Plenty of pixels, but passable performance

Round the back is a nice, large 2.5in LCD screen with 230,000 pixels. You also get a tiny optical viewfinder, which is handy if you want to reserve battery power or are shooting under bright light conditions. That said, the viewfinder cuts out a lower portion of the scene.

There’s also a rocker control for auto, manual, scene and movie modes, and underneath two small buttons for playback and printing. Beneath these is a circular function control for ISO, flash, macro, timer, and continuous shooting modes. Pressing a central function set button activates a menu for changing certain parameters (in the manual mode, this includes white balance, exposure compensation, metering and My Colours, which lets you adjust the colour mode for skin tones, as well as effects like sepia and black and white).

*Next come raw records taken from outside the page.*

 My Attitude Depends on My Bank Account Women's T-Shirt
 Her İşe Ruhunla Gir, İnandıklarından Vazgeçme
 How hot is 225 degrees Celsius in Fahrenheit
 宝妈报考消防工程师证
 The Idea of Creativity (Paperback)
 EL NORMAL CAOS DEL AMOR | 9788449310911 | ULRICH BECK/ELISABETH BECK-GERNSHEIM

Canon Ixus 960 IS compact digital camera

Round the back is a nice, large 2.5in, 230,000 pixel LCD screen

At the bottom are two more tiny buttons, one for altering the display mode (all icons/no icons or off) and a menu button. The latter is used for a variety of set-up adjustments plus setting up features such as Face Detection and Image Stabilisation – more on this later. Dig around the bottom and you find a spring-controlled flap for the battery and SD/SDHC card.

Enough of the aesthetics. What does the Ixus 960 offer apart from Face Detection, Image Stabilisation and a plethora of pixels arranged on a 1/1.7in CCD? Well, it’s got a 3.7x 7.7-28.5mm optical zoom (equivalent to 36-133mm on a 35mm camera), ISO settings which run from 80-1600, plus Auto High, shutter speed range from 15-1/1600 sec, image resolution ranging from 4000 x 3000 to 640 x 480 pixels, video that can be shot in XGA (1024 x 768 at 15fps) and VGA resolution (640 x 480 at 30fps), and 18 shooting modes that include portrait, night snapshot, kids and pets (is there a difference?), foliage, snow, and ISO 3200.

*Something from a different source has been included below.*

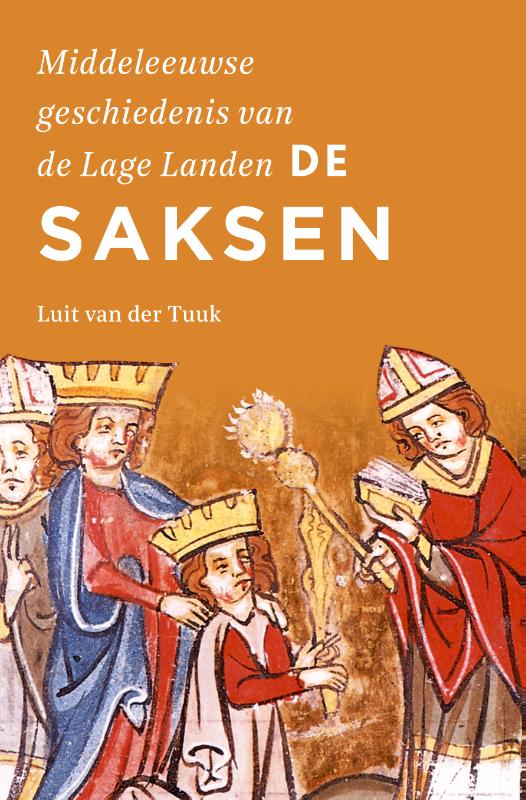 Luit van der Tuuk De Saksen / Middeleeuwse Geschiedenis Van De Lage Landen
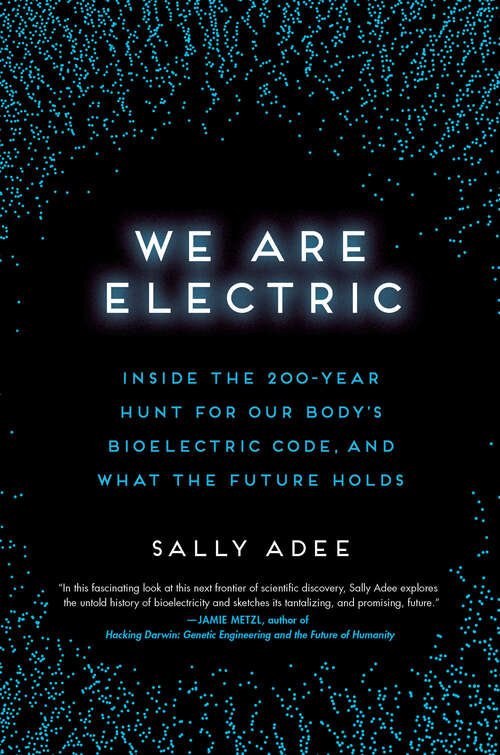 Book cover of We Are Electric: Inside the 200-Year Hunt for Our Body's Bioelectric Code, and What the Future Holds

Switch on is fast and you can get shooting in less than a couple of seconds. But this was not the friendliest of cameras to use in terms of operation. The image stabilisation setting, for example, is buried within a menu (it’s third from last on a list of 14 functions and not even on the first menu page). No doubt Canon will argue that it's best left on most of the time, but we think it should be more easily accessible.